現住地でないところでの住民登録やマリア同行の義務など、この記事の歴史性については議論があります。それについては先にあげた拙著『ルカ福音書講解T』126頁の「補説2イエスの生い立ち」の「イエス誕生の時と場所」130頁の注記を参照してください。

 ところが、彼らがベツレヘムにいるうちに、マリアは月が満ちて、初めての子を産み、布にくるんで飼い葉桶に寝かせた。宿屋には彼らの泊まる場所がなかったからである。(二・六〜七)

 イエス誕生の出来事そのものは、このように淡々と描かれます。マリアは旅先のベツレヘムで「月が満ちて、初めての子を産む」ことになります。「イエスはベツレヘムで生まれた」のは同じですが、マタイはヨセフとマリアがベツレヘムの住民であることを当然のこととして前提し、東方からの博士たちは預言と星に導かれてベツレヘムに来て、「その家に入って」母マリアと共にいる幼子に捧げ物を捧げています(マタイ二・一一)。
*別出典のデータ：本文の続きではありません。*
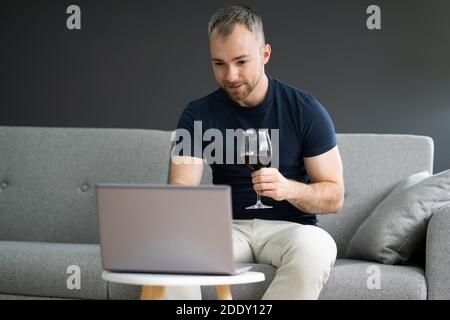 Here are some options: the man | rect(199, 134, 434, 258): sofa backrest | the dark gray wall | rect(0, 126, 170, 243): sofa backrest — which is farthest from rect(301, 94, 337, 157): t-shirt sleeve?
the dark gray wall

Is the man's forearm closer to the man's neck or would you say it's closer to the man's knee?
the man's knee

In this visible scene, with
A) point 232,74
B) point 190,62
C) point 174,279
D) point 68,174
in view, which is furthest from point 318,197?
point 190,62

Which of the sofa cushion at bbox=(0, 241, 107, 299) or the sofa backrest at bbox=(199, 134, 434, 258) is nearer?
the sofa cushion at bbox=(0, 241, 107, 299)

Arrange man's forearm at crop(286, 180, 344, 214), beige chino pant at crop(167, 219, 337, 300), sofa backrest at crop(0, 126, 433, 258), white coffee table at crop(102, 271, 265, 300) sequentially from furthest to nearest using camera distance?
sofa backrest at crop(0, 126, 433, 258)
man's forearm at crop(286, 180, 344, 214)
beige chino pant at crop(167, 219, 337, 300)
white coffee table at crop(102, 271, 265, 300)

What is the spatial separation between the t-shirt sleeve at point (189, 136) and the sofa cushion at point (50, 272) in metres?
0.52

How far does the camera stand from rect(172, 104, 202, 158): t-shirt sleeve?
9.39ft

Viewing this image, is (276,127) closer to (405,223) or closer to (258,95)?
(258,95)

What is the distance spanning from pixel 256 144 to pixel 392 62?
219 centimetres

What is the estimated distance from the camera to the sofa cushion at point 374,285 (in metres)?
2.65

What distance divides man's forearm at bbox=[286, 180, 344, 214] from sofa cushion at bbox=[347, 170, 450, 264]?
304mm

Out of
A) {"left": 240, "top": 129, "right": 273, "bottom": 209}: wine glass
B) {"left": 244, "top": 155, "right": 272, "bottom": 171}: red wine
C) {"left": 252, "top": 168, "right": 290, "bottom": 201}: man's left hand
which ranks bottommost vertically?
{"left": 252, "top": 168, "right": 290, "bottom": 201}: man's left hand

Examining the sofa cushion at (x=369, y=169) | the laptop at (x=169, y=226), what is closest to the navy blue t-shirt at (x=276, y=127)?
the sofa cushion at (x=369, y=169)

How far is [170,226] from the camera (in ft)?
6.34

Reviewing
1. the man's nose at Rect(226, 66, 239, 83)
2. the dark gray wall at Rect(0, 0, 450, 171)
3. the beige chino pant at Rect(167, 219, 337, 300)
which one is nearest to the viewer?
the beige chino pant at Rect(167, 219, 337, 300) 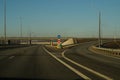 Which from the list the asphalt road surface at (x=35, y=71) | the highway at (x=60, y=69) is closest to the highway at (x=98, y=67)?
the highway at (x=60, y=69)

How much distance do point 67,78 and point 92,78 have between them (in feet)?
3.46

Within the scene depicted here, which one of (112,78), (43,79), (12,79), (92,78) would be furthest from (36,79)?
(112,78)

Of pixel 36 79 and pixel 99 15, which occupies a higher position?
pixel 99 15

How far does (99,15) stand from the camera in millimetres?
50969

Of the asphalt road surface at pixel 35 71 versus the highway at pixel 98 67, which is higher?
the asphalt road surface at pixel 35 71

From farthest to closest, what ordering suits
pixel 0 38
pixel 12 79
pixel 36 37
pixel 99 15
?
Answer: 1. pixel 36 37
2. pixel 0 38
3. pixel 99 15
4. pixel 12 79

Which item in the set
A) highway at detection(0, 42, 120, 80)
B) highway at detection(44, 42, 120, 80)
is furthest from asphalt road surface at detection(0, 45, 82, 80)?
highway at detection(44, 42, 120, 80)

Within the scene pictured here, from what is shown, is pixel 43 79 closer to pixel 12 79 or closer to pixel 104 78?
pixel 12 79

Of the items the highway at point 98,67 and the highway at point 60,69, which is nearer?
the highway at point 60,69

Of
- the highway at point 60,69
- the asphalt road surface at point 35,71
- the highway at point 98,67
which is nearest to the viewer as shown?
the asphalt road surface at point 35,71

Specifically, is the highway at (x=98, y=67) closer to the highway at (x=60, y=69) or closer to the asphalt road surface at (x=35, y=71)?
the highway at (x=60, y=69)

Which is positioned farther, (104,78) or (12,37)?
(12,37)

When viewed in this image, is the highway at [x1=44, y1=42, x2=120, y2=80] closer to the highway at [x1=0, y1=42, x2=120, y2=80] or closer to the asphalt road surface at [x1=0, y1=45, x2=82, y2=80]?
the highway at [x1=0, y1=42, x2=120, y2=80]

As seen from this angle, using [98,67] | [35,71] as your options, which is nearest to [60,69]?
[35,71] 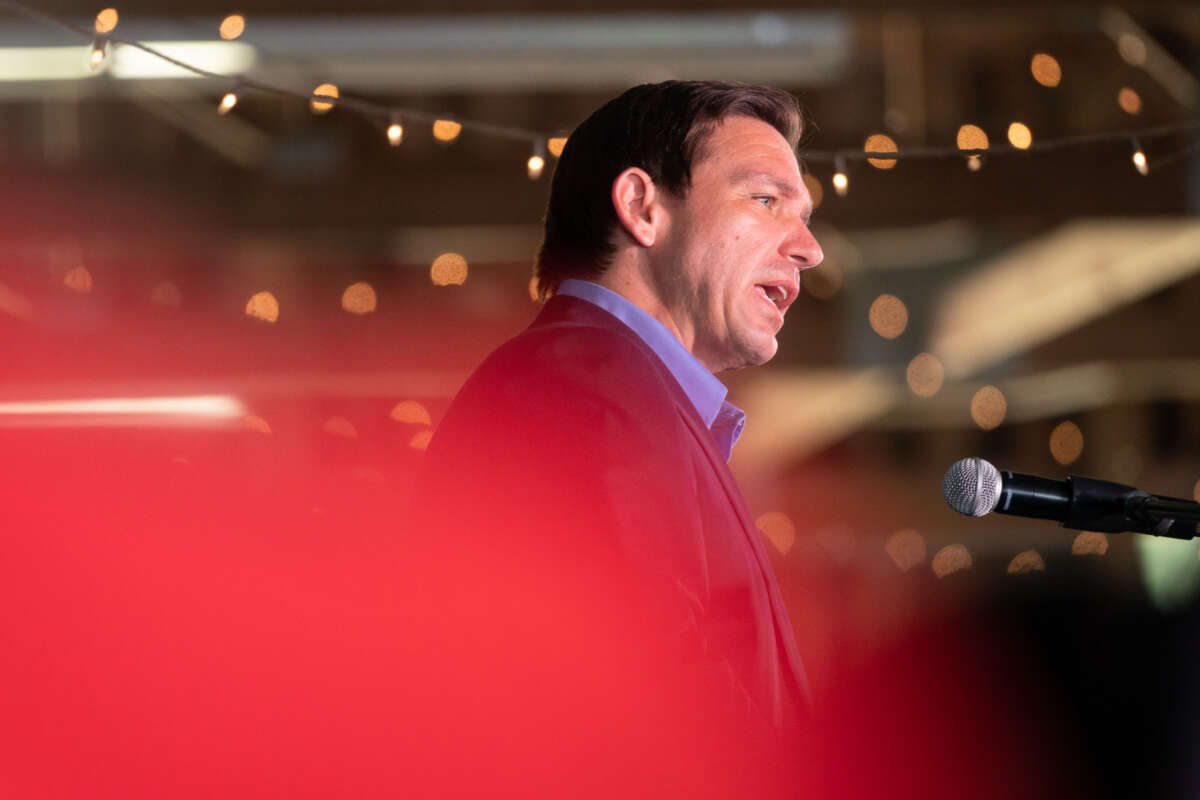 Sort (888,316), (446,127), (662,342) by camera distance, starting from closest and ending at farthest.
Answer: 1. (662,342)
2. (446,127)
3. (888,316)

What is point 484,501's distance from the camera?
0.94 metres

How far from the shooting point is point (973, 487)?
3.01 feet

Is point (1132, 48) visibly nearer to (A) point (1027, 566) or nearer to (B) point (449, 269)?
(B) point (449, 269)

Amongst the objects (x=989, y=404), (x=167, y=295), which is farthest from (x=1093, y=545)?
(x=167, y=295)

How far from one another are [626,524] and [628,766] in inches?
6.1

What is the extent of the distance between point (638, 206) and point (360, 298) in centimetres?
628

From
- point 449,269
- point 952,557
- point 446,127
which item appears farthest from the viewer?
point 952,557

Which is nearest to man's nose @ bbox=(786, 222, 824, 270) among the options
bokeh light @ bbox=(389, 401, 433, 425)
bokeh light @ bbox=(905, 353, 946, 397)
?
bokeh light @ bbox=(389, 401, 433, 425)

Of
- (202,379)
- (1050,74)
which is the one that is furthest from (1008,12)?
(202,379)

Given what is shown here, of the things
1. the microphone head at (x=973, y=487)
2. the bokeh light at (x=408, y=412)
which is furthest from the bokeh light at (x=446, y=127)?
the bokeh light at (x=408, y=412)

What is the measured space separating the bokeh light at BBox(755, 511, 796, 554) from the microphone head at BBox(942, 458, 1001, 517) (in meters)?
5.83

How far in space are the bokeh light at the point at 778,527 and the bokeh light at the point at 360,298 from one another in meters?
2.48

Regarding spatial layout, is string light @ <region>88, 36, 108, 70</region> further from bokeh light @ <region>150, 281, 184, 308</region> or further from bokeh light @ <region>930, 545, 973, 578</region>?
bokeh light @ <region>930, 545, 973, 578</region>

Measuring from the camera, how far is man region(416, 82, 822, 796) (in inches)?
33.5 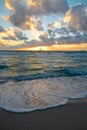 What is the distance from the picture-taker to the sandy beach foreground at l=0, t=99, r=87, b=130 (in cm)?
414

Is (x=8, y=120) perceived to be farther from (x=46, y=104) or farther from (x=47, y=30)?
(x=47, y=30)

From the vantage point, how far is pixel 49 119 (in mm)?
4492

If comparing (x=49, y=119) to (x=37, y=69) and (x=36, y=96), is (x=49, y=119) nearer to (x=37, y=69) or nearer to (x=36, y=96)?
(x=36, y=96)

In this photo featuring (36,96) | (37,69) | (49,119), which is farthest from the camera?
(37,69)

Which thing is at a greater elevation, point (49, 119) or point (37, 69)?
point (49, 119)

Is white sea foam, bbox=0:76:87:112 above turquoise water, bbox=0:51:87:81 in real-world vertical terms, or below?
above

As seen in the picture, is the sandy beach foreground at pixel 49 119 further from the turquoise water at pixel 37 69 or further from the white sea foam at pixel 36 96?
the turquoise water at pixel 37 69

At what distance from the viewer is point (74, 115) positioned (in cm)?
467

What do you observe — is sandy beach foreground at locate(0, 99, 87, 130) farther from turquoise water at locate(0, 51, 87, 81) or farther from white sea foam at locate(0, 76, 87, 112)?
turquoise water at locate(0, 51, 87, 81)

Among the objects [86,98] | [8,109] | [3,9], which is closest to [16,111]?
[8,109]

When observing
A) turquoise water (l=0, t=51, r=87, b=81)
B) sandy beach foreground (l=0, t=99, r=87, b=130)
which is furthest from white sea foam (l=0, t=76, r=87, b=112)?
turquoise water (l=0, t=51, r=87, b=81)

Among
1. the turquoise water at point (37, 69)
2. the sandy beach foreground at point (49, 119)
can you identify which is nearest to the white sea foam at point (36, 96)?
the sandy beach foreground at point (49, 119)

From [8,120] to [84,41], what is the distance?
17.5 metres

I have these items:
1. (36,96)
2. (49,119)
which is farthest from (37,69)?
(49,119) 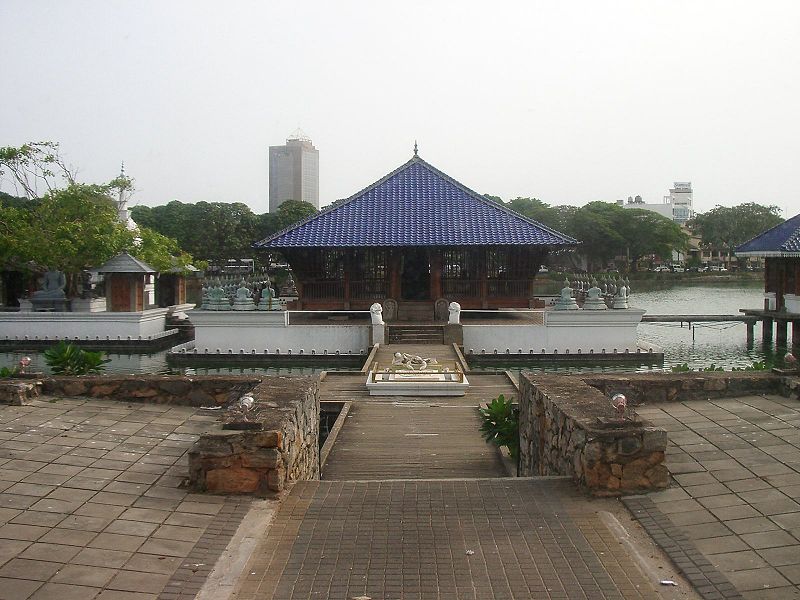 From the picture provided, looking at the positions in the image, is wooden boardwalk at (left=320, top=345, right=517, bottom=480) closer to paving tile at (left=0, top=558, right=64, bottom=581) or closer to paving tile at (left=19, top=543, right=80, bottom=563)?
paving tile at (left=19, top=543, right=80, bottom=563)

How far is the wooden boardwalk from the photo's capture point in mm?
8898

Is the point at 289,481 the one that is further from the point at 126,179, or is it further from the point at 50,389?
the point at 126,179

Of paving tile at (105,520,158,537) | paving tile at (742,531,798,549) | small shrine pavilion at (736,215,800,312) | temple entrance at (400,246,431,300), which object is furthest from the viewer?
temple entrance at (400,246,431,300)

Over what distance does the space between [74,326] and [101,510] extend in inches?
869

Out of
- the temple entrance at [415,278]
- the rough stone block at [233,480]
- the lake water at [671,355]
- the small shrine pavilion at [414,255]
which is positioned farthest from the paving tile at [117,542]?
the temple entrance at [415,278]

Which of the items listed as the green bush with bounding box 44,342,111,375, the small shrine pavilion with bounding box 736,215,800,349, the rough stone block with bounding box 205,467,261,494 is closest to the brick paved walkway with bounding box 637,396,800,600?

それに対してルカは、ナザレの住人のマリアが旅先でイエスを産んだとして、「宿屋には彼らの泊まる場所がなかった」ので、馬小屋に泊まり、生まれた子を「布にくるんで飼い葉桶に寝かせた」と物語っています。この大きな違いは、「イエスはヘロデ王の時代にユダヤのベツレヘムで生まれた」という伝承が、福音書記者の立場と意図の違いによって、これほどまでに大きく違う物語を生み出すことの実例となっています。
 「布にくるんで」というのは、産着やおむつでくるんだことを指します。出産間近なマリアは、当然産着やおむつを用意して旅に出たことでしょう。地上に生まれたイエスは、他のすべての赤子と同じく、おむつにくるまれた赤子であったことを、この一句が思い知らせます。
 「初めての子」という表現は、後にマリアは他の子をも産んだことを示唆しており、マリアは生涯処女であったというような教会教義は無理であることを示す一つの根拠となります。この出産はマリアの最初の出産であり、生まれた子は「初子」となります。ユダヤ教では初子の男子は、律法により特別の扱いをされます。そのことは後の段落10で触れることになります。
 「宿屋には彼らの泊まる場所がなかった」のは、ヨセフとマリアのように遠くの土地に住んでいる人たちが住民登録のために一斉に生地のベツレヘムに戻ってきたからです。「宿屋」と訳されている語は、一般の住居で人を泊まらせる部屋とかスペースを指す語です。二人はやむをえず知人の家の馬小屋を借りて、そこで出産することになります。「馬小屋」という用語は使われていませんが、「飼い葉桶」がある場所は牛やろばを飼う「家畜小屋」であり、当時のユダヤ人の住居では家屋の中にその一部として造られていました。かつての日本の農村の住居もそのような構造の家屋でした。そのような屋内の家畜飼育用スペースを、日本語で誕生物語を語るときは、「馬小屋」と呼んでいます。
 イエスはそのような馬小屋でお生まれになり、飼い葉桶に寝かせられていた、とルカは伝えています。これは世界の偉人の誕生物語の中では異例の語り方です。普通は主人公の偉大さにふさわしい「瑞兆」が語られますが、世界の救い主の誕生を物語るこの誕生物語では、偉大さとは逆に家畜小屋での誕生という卑賎の姿で描かれます。期待される「瑞兆」とは反対の「逆兆」です。ルカはこの福音書で、イエスを復活して神の右に上げられた世の救い主として告知しています。その福音書において主人公の誕生をこのような卑賎の姿で描くことによって、実は「イエス・キリストの福音」の性格が指し示されることになります。
 最初期の福音告知は、復活されたイエスをキリストとして、すなわち神から油を注がれて世に遣わされた救い主として告知しました。同時に、この方が地上では十字架の死に至る苦しみをお受けになった事実を、「わたしたちの罪のため」、すなわち罪の問題の解決のための出来事として告知しました。このイエス・キリストの十字架・復活における神の救いの働きは、かなり初期に次のようにまとめられて告白され、賛美されるようになっていました。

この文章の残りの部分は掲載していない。